May my films be the voice of the lonely

The Women's News and 4th Women Film Festival Committee has been selecting recipients every year for The Women's News Award, given to deserving individuals or groups that have put feminism into practice through film. This year, the award went to director Park Ok Soon, head of the filmmaking group 'Sodong' that produced <From Winter to Winter.>

<From Winter to Winter> documents the nine-month-long struggle of golf game assistants working in Hansung Country Club, from the founding of their union to their strike, dismissal, and struggle for reinstatement, portraying accurately the reality faced by these women, categorized as special employment jobs. Commonly known as caddies, these golf game assistants formed a union in order to protect themselves against the company's sexual and verbal harassment and unilateral dismissals, and against accidents that happen on the field.

However, the company and the existing union (dominated by men) continued to sneer at and humiliate the women. At this, the women had to prepare for another battle, this time against the union itself. During the Women Film Festival, the women themselves made an appearance after the screening of <From Winter to Winter> to hold a discussion with the audience on the reality faced by women in casual employment.

 

- Congratulations. How do you feel about receiving the award?

The ladies at Hansung Country Club will be in tears when they hear of this. While making the film, I got to know a lot of people who are left out of society, and through them, learnt about a whole new world. I'm thankful for that. It pains me to think that while I'm here receiving this award, the heroines of my film are still fighting for their jobs. I want my film would give them strength, but I still wonder how much of a help it'll be… Anyway, I should treat the ladies to a hearty meal.
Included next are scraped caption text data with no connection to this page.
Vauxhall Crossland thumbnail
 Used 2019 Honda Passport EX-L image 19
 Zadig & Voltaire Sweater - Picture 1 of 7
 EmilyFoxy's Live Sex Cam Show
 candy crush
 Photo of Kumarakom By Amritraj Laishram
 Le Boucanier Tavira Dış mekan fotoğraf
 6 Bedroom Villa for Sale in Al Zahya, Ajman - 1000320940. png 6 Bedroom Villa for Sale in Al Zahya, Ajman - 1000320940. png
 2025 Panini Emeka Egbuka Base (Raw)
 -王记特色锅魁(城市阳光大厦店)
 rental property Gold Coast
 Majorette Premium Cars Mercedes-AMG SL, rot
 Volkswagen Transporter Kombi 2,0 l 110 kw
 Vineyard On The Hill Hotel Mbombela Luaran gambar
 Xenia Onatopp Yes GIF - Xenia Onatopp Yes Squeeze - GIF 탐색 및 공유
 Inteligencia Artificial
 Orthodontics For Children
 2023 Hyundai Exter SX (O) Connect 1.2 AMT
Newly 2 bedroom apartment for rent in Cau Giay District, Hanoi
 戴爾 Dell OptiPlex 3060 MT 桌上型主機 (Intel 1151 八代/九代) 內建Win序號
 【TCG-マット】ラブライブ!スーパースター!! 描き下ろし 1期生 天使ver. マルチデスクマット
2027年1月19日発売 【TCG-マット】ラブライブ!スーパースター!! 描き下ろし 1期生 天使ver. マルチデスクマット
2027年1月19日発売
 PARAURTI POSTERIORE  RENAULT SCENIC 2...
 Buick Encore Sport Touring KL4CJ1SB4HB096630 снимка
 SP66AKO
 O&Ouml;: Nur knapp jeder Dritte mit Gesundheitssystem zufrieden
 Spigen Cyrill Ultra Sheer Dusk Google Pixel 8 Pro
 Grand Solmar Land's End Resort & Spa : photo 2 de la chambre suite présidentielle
- How did the group 'Sodong' come about?

I met someone at the Video Production School run by Hankyoreh Culture Center, and we agreed to set up 'Sodong' in December 2000. <From Winter to Winter> is our first film. 'Sodong' has a number of meanings. I think of it as 'making a fuss,' while my partner thinks of it as 'small movements.'

- Why did you choose to document the lives of the women working in Hansung Country Club?

I wasn't interested in them from the beginning. I heard about them from a friend and searched the Internet and newspapers to gather information about them. Then one day, I read an article on the Internet about a sit-in strike that they were holding. So I contacted them. I met them, talked to them, read their petitions, and read the survey reports by the Korean Women's Trade Unions, and that's when I started filming.

- In documentaries, the relationship between the director and the subject of the film is important, especially if you're in the media movement. How was it in your case?

At first I didn't know what to do. I couldn't just waltz in as an outsider and starting shooting. So I had to start not with a camera but by spending time becoming close to them, having fun with them and drinking all night with them. I joined them in the sit-in strike, sat with them through their meetings… My camera got smashed in the process, but I became more and more attached to these people. I realized that they were not just the subjects of my film. I wanted to do it for them, to record their activities. Even now I talk to them everyday on the phone.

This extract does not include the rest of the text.